O livro da adololescência de Marta Duque Vaz, um riquissímo mundo interior povoado de afectos, nostalgia e muita criatividade

Olhando para a capa de “Aclive”, da autoria de Francisco Dinis, que dá rosto ao “poemário” de Marta Duque Vaz, vemos um declive acentuado que parece ser o precipício de um pico situado algures na cordilheira dos Himalaias, com as agulhas dos seus cumes mais altos a perfurar as nuvens.

Mas ao invertermos a capa vemos um “aclive”, isto é, pelo processo de segregação de fundo, a nossa vista realça-nos, através de uma ilusão de óptica, o branco gélido de um iceberg realçado por um céu de um negro opaco numa noite polar sem lua nem estrelas.

A capa está, por isso, ligada ao poema cuja temática dá o nome ao livro - “Noite sem poesia” - , do qual falaremos mais adiante.

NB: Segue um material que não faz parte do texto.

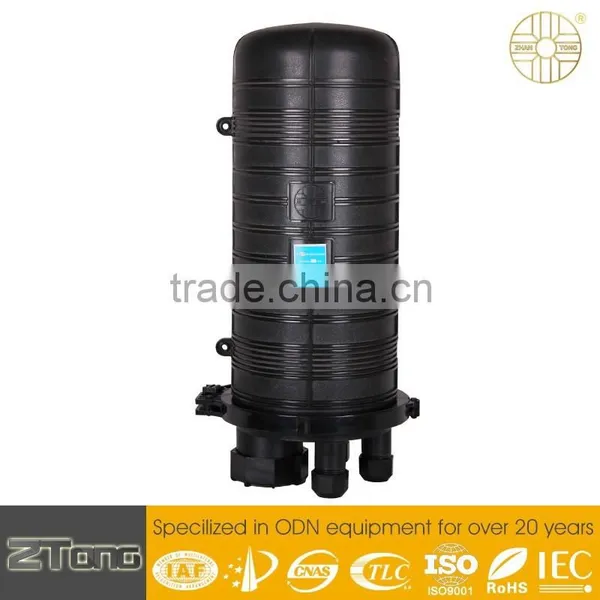 GJS-8003 FTTH Fiber Optic Splice Closures photo-2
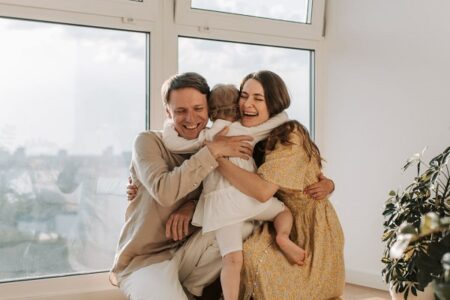 Gezinsfotografie de 7 gouden tips voor een leuke familie fotoshoot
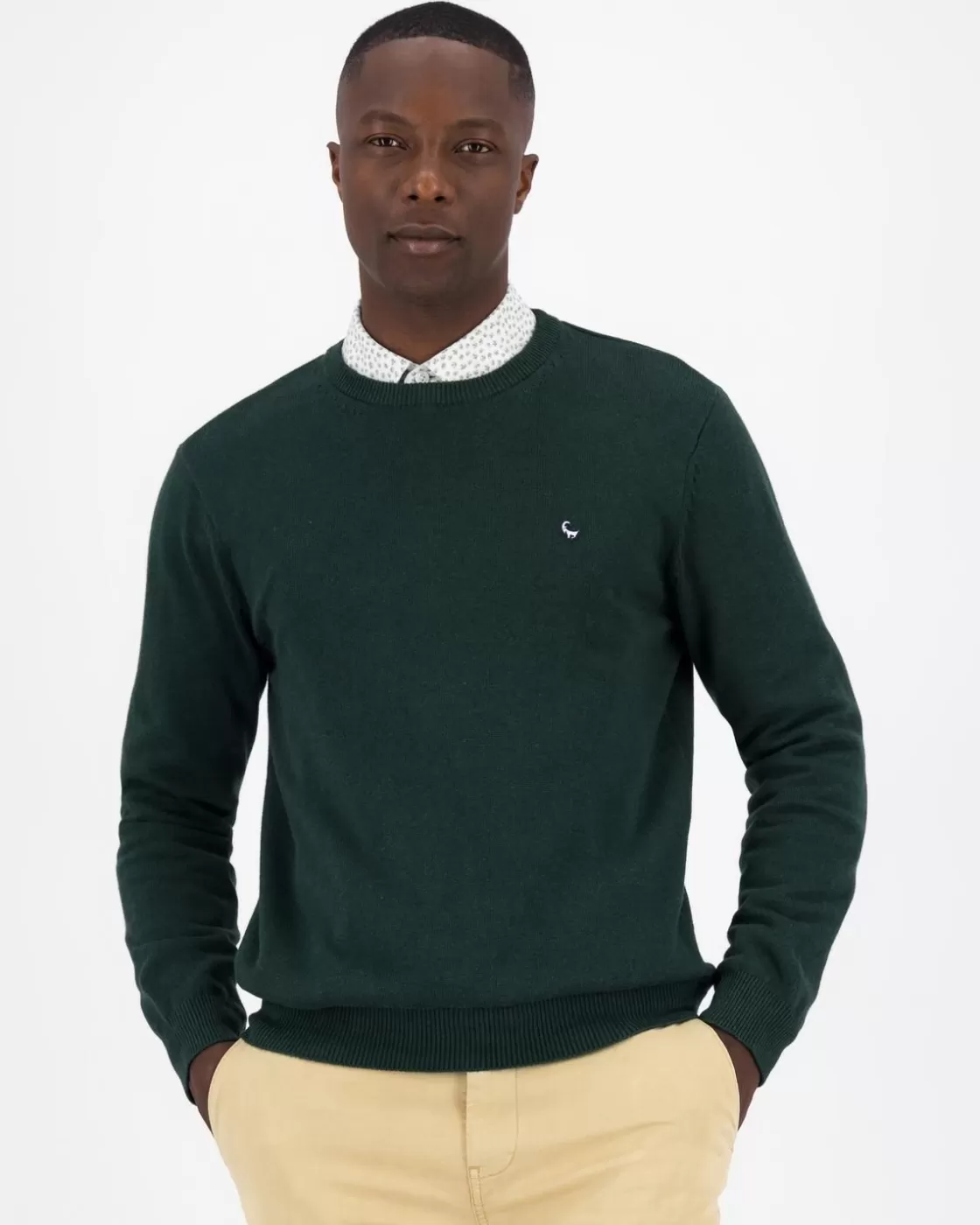 Best Men'S Ashton Knit Men Knitwear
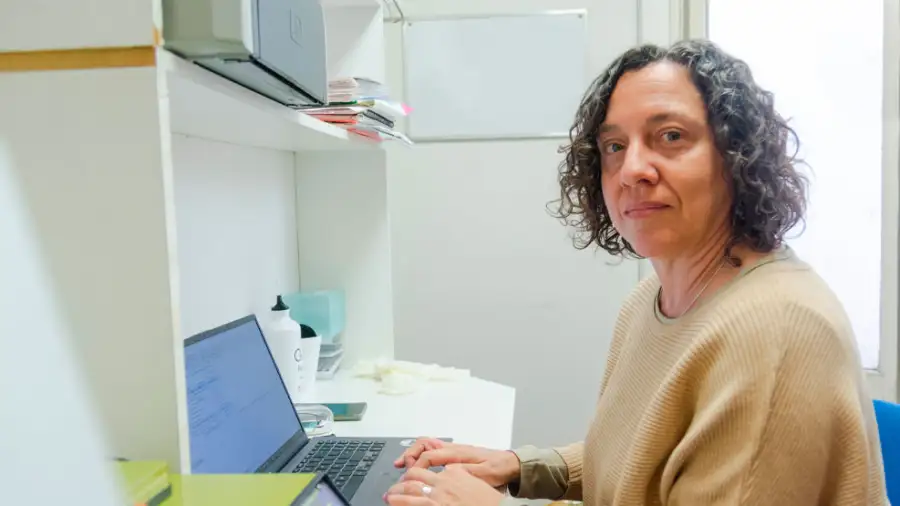 Cientificos cordobeses tendrán su laboratorio para estudiar el ADN Cordobés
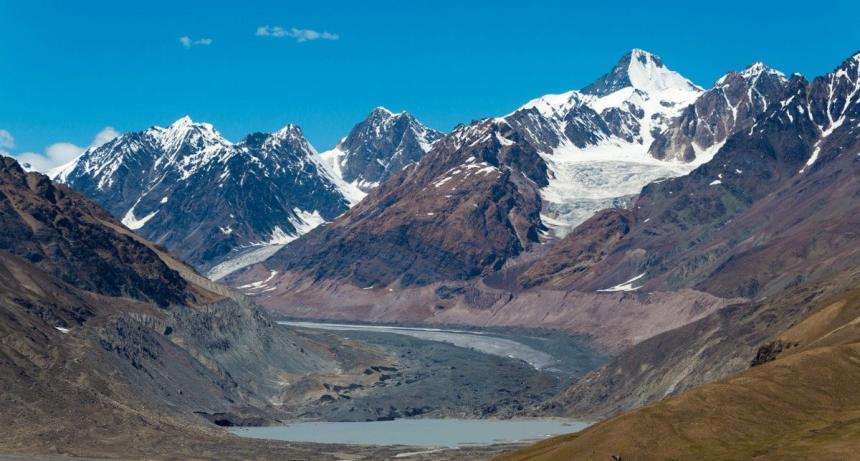 CB14 Peak Expedition – Technical Mountaineering Adventure in Himachal Pradesh | Thin Air Expedition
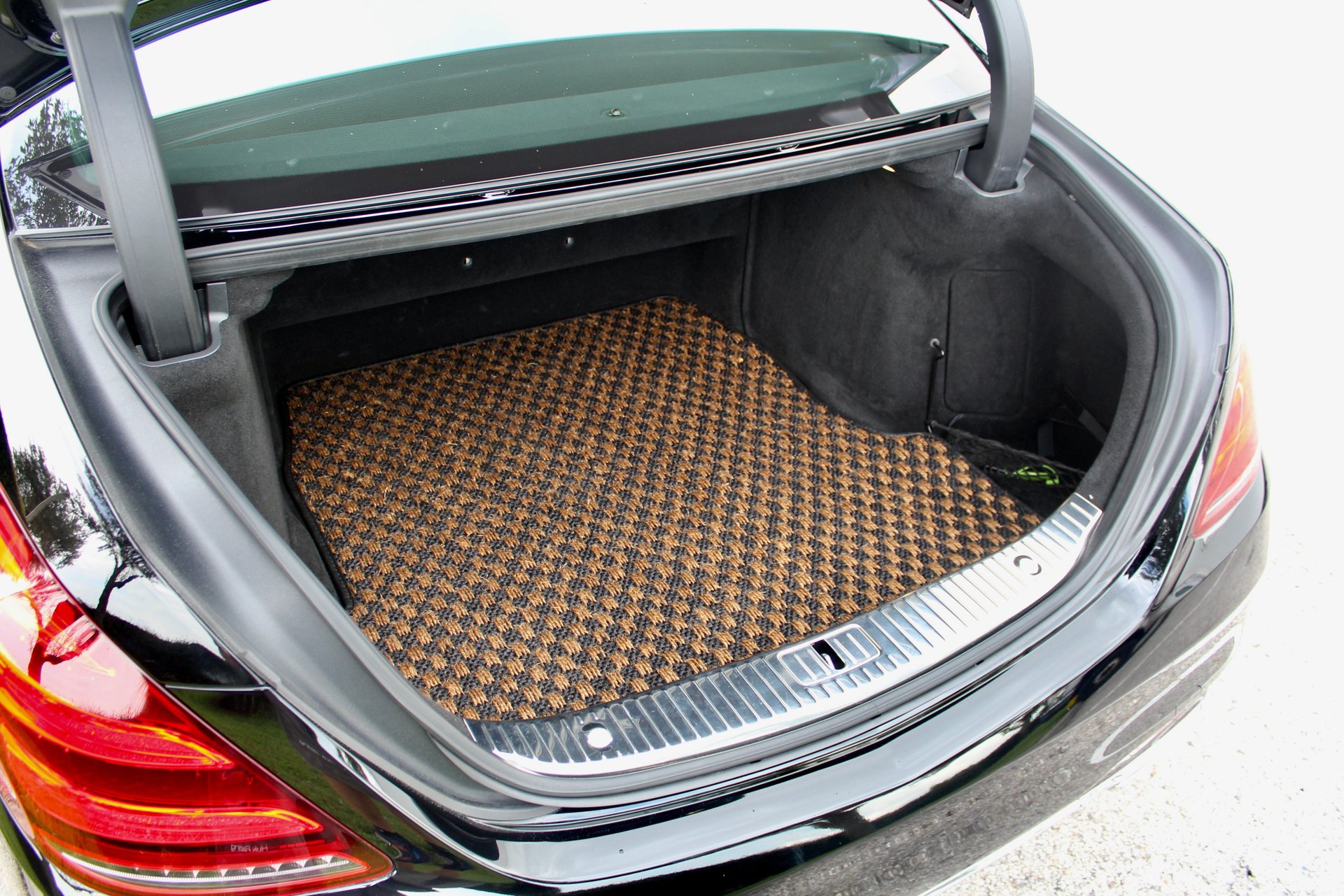 For Sale 2019 Mercedes-Benz S 560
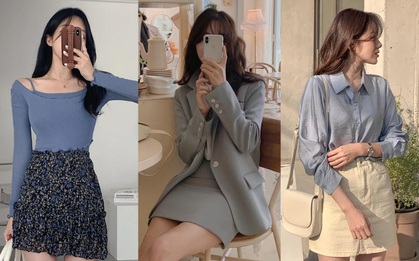 4 kiểu chân váy ngắn nhất định phải sắm cho mùa Hè vì mặc lên siêu trẻ xinh và sang chảnh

Marta Duque Vaz ofereceu-me o seu “poemário” da adolescência e início de uma vida adulta (uma colectânea elaborada entre os catorze e os vinte anos), que exibem a turbulência de emoções em alguém que está a sofrer as “dores do crescimento” e vive o conflito gerado a partir da luta pela independência, pela autonomia, sofrendo, por vezes, decepções.

O primeiro poema intitulado “Depois” é, segundo a Autora, como que um aviso no qual, ela adverte os seus leitores de que o que está contido nos poemas de “Aclive” são apenas as palavras que traduzem uma forma de sentir que já passou, isto é, trata-se de uma recordação de algo que já foi sentido e, por isso mesmo, transfigurado pela memória (que é selectiva) e trabalhado pela beleza das palavras, como esclarece no poema seguinte intitulado “Noção”.

A Autora prossegue a sua catarsis em “incerteza” onde, através da escrita, mostra a dificuldade em acrescentar algo relativamente a tudo o quanto já foi dito acerca da forma de transpor as emoções para o papel em formato de poesia. São contudo, as últimas duas quadras deste poema que, por si só, contém toda a alma do mesmo, começando já a revelar o interior da Poeta e a ilustrar a necessidade de fazer uma reengenharia emocional, de fechar um ciclo e recomeçar uma nova etapa da vida.

“Quarto” mostra a sensibilidade então tipicamente adolescente da Autora, refugiada no seu próprio mundo de cuja janela tenta compreender o exterior – aproveito, aqui, para salientar a qualidade dos quatro primeiros versos e dos dois últimos do mesmo poema. Observamos a mesma necessidade de refúgio num mundo interior em “Noctívaga”.

A poesia está, também, presente na alma do poema “Cinderela sem Vocação”, apesar da sua naïfté, mais uma vez a temática da conquista da autonomia - poema no qual se destacam alguns versos de particular beleza, embora, algumas das comparações utilizadas ganhassem, provavelmente, mais “força” se convertidas em metáforas.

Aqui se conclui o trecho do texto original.